The document includes recommendations to the State and society to prevent a repetition of the crimes against humanity that were committed during the conflict and in which various armed actors participated.

President-elect Gustavo Petro attended the event and promised to comply with the Commission’s recommendations from the beginning of his government on August 7. “The approach to the truth cannot be considered a space for revenge… it has to be seen as the possibility of reconciliation. I think that one of the climates that has been created from these changes in politics by decision of the citizens is the climate of peace,” Petro said in the auditorium of the Jorge Eliécer Gaitán Theater in front of hundreds of attendees.

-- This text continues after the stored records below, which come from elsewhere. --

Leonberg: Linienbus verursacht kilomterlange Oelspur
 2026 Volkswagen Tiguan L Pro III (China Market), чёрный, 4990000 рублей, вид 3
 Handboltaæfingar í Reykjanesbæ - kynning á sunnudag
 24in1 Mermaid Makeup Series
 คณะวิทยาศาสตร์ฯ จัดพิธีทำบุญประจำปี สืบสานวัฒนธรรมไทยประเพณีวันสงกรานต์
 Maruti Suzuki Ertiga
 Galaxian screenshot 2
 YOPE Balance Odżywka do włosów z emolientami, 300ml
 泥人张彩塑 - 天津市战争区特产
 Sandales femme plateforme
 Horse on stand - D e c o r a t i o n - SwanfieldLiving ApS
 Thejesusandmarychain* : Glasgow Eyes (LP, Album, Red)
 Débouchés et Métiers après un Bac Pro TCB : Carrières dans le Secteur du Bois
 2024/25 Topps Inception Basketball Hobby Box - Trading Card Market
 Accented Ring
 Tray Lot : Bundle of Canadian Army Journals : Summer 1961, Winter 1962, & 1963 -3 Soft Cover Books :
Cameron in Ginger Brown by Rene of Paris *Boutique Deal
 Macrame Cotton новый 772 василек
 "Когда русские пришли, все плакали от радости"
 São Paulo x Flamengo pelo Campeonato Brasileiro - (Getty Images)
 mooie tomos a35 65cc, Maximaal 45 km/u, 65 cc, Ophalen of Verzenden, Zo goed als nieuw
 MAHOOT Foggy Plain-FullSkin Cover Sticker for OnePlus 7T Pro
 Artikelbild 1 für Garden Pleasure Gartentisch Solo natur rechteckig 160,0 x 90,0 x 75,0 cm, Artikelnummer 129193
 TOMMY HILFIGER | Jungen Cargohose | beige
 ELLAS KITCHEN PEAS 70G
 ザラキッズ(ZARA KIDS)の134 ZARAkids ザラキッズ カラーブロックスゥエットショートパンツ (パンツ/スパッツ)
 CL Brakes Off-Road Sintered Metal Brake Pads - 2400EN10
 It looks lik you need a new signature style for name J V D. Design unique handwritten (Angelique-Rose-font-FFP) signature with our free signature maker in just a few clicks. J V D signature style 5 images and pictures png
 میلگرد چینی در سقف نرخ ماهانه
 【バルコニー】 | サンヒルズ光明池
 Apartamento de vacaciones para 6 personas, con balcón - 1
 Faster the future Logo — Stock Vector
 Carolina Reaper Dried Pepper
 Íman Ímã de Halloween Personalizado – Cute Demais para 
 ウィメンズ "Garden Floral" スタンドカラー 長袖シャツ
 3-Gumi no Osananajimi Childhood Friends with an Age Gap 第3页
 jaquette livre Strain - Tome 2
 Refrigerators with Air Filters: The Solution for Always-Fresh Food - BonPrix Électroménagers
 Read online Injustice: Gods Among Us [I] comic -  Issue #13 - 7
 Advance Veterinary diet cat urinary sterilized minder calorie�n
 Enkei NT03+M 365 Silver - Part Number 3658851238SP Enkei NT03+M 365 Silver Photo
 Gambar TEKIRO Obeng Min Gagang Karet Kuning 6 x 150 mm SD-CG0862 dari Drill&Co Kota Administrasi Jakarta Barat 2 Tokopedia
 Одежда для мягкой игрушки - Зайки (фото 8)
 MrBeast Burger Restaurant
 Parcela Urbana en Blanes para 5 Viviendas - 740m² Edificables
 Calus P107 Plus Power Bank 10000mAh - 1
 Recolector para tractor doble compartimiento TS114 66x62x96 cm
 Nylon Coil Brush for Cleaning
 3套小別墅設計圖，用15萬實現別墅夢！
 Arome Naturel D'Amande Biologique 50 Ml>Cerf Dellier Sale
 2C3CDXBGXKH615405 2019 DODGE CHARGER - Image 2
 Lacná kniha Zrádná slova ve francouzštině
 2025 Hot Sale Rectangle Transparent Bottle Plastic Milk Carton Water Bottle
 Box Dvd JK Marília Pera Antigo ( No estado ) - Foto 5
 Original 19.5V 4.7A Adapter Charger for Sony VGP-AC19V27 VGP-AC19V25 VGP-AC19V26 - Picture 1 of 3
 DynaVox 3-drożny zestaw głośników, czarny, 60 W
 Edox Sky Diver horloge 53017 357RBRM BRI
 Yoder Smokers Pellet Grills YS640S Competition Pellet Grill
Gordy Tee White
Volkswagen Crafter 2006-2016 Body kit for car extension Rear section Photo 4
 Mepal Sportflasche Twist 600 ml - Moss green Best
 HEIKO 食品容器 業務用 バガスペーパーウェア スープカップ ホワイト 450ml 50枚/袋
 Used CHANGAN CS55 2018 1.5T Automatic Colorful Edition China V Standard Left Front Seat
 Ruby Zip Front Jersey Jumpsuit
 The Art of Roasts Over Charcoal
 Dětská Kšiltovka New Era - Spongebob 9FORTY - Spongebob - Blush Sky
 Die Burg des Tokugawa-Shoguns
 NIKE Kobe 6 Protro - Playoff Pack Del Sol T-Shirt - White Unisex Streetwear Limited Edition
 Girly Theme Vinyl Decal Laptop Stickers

Outgoing president Iván Duque, a critic of the peace agreement, did not attend because he was on an official trip to Portugal. In his representation was the Minister of the Interior, Daniel Palacios.

For Humberto de la Calle, who was the government’s chief negotiator in the peace process, Colombia has the challenge of taking on the report from a broad perspective in which society understands that there is not a single “truth”, but multiple “truths”. Views from different angles.

“One thing is the mother who lost a child in Bojayá, another who lost her in the Chinita massacre, but I would like both of them to come to understand that their visions are true, but that here there was a conflict with many perpetrators and that it is the possibility of living with these truths is what I trust will be the great step that the Truth Commission will give us,” De la Calle told The Associated Press.

The Truth Commission is an extrajudicial body that began its mandate in 2018 and since then has heard the stories of the armed conflict from more than 30,000 people from all sectors in individual and collective interviews, analyzed reports and contrasted that information in order to to produce the report.